### INFORMATION SHOWN
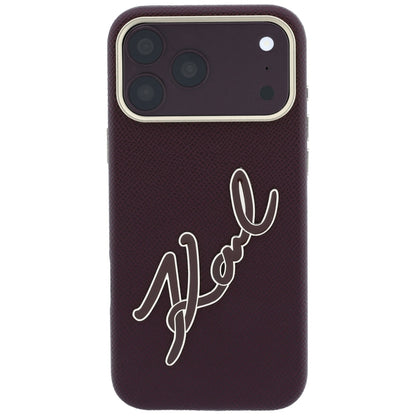 Deksel for Apple iPhone 18 Pro / 17 Pro, Karl Lagerfeld, Smooth Big Resin Signature Logo, Burgunder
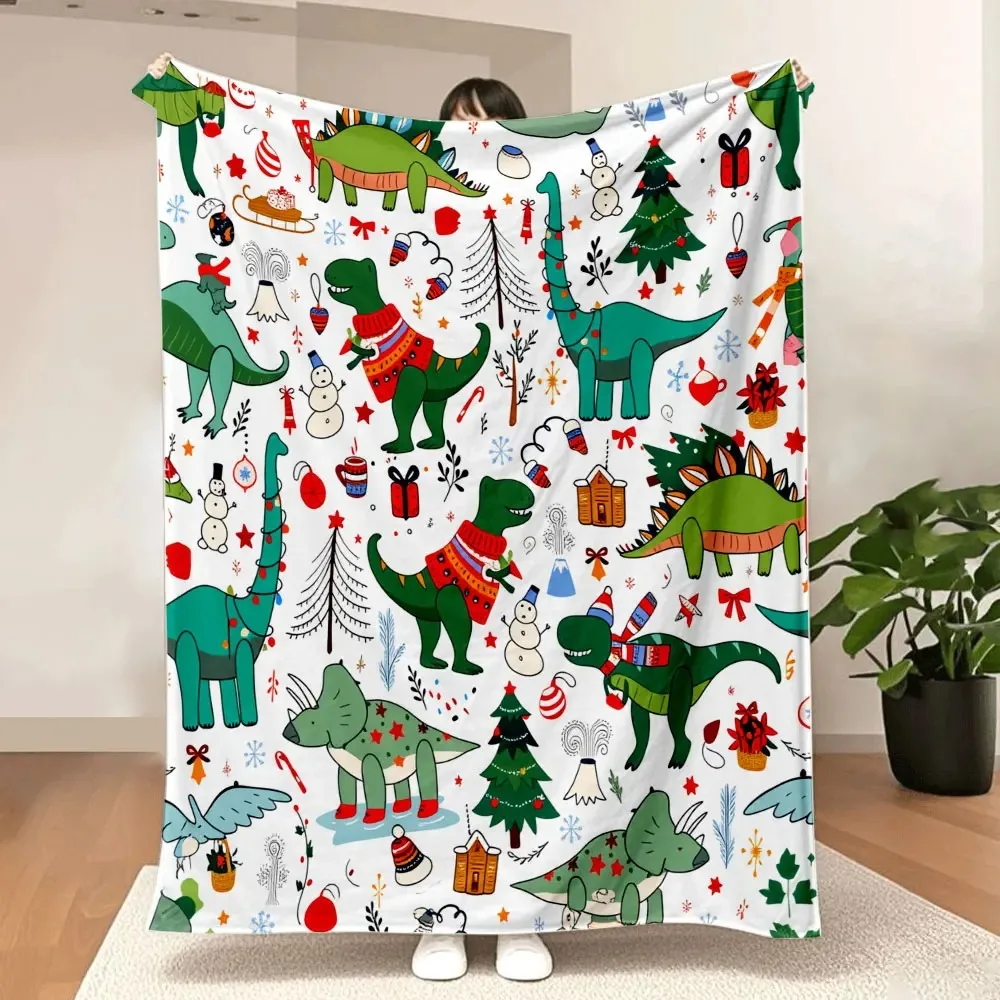 

Рождественское одеяло с динозавром — праздничная химерная иллюстрация с динозаврами в рождественском наряде, снеговиках, деревьях, подарках и декорах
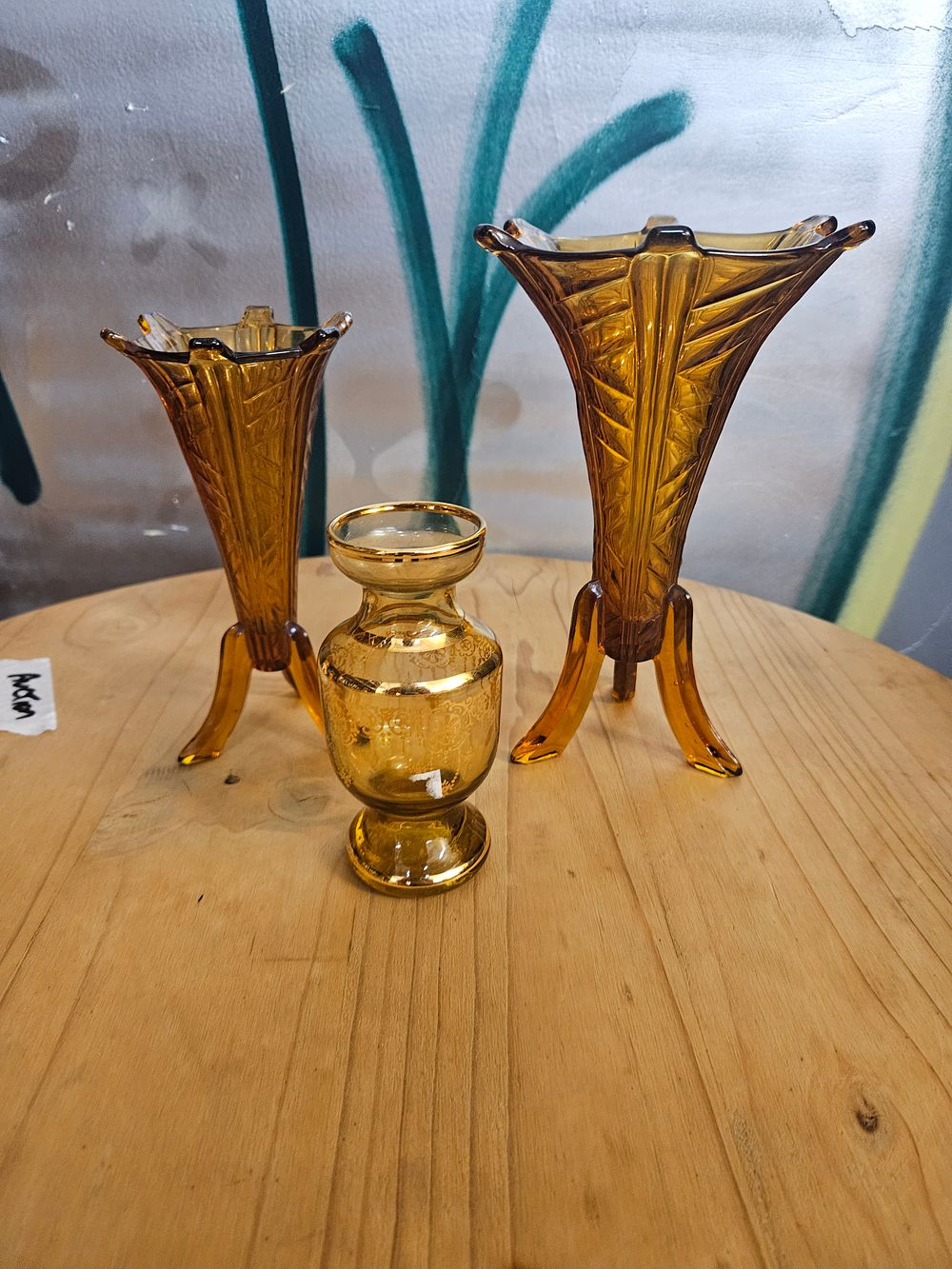 Lot 210 – A Trio of Amber Glass Vases including a Pair attributed to Rosice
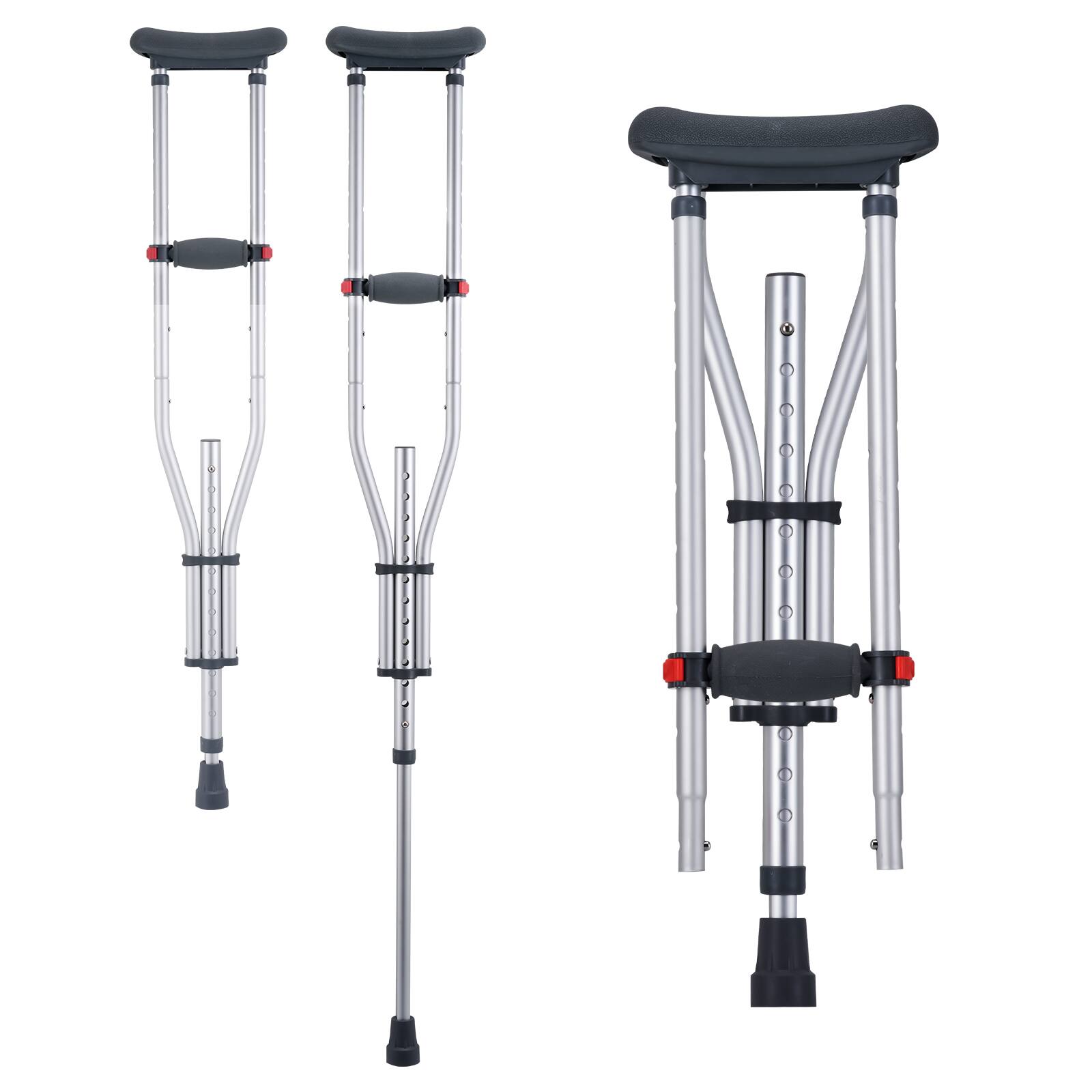 Front. VEVOR - Underarm Crutches, 13-Level Height Adjustable Underarm Walking Crutches, Lightweight Aluminum Crutches - Rubber parts: Grey ; Aluminum tube: Original.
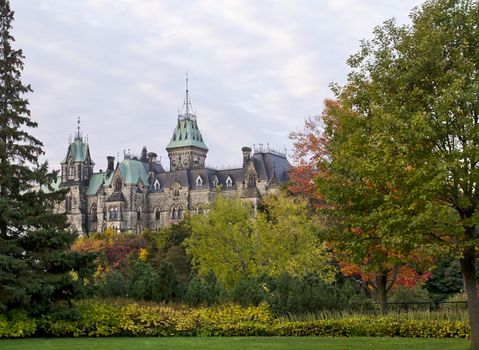 The Canadian Parliament East Block seen from Major's Hill Park in Ottawa.
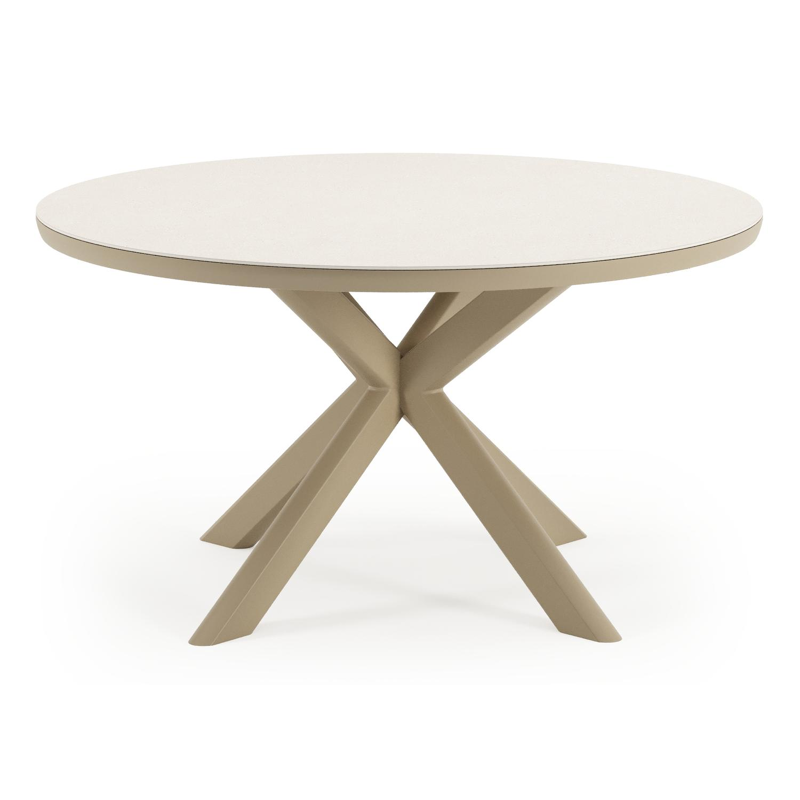 Pamplona tuintafel rond in beige aluminium en sintered stone Crema minerale - Dia. 140.4 x H 73.5 cm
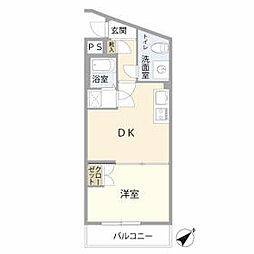 東急世田谷線 三軒茶屋駅 徒歩10分の賃貸マンション 1階1DKの間取り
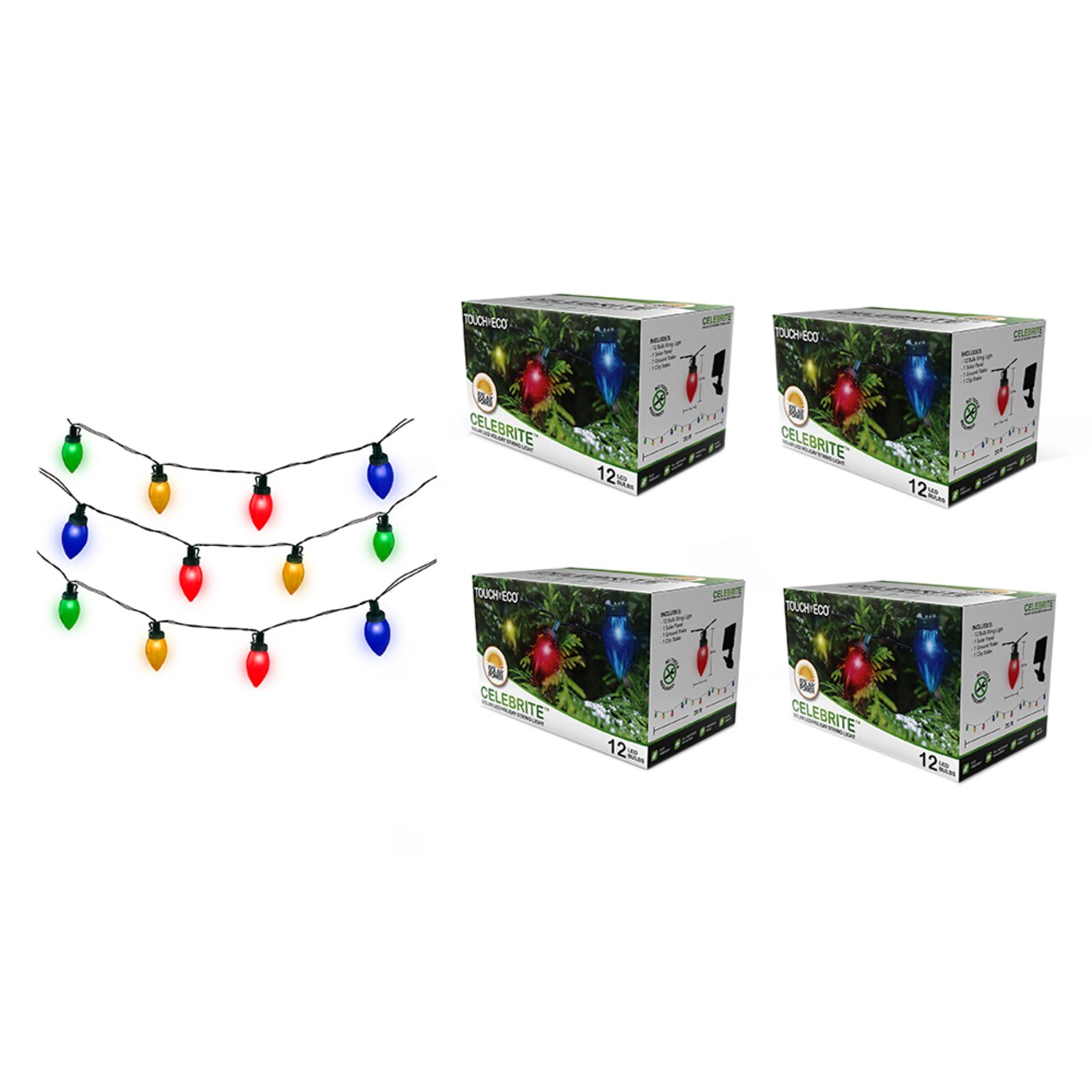 Touch Of Eco Solar Led String Lights 20Ft Multi-Colored Outdoor Holiday Bulbs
######
Although the records contain pictures, only their text should be repeated, exactly as it appears.

◆ **PROBLEM SOLUTION**:
 Deksel for Apple iPhone 18 Pro / 17 Pro, Karl Lagerfeld, Smooth Big Resin Signature Logo, Burgunder

Рождественское одеяло с динозавром — праздничная химерная иллюстрация с динозаврами в рождественском наряде, снеговиках, деревьях, подарках и декорах
 Lot 210 – A Trio of Amber Glass Vases including a Pair attributed to Rosice
 Front. VEVOR - Underarm Crutches, 13-Level Height Adjustable Underarm Walking Crutches, Lightweight Aluminum Crutches - Rubber parts: Grey ; Aluminum tube: Original.
 The Canadian Parliament East Block seen from Major's Hill Park in Ottawa.
 Pamplona tuintafel rond in beige aluminium en sintered stone Crema minerale - Dia. 140.4 x H 73.5 cm
 東急世田谷線 三軒茶屋駅 徒歩10分の賃貸マンション 1階1DKの間取り
 Touch Of Eco Solar Led String Lights 20Ft Multi-Colored Outdoor Holiday Bulbs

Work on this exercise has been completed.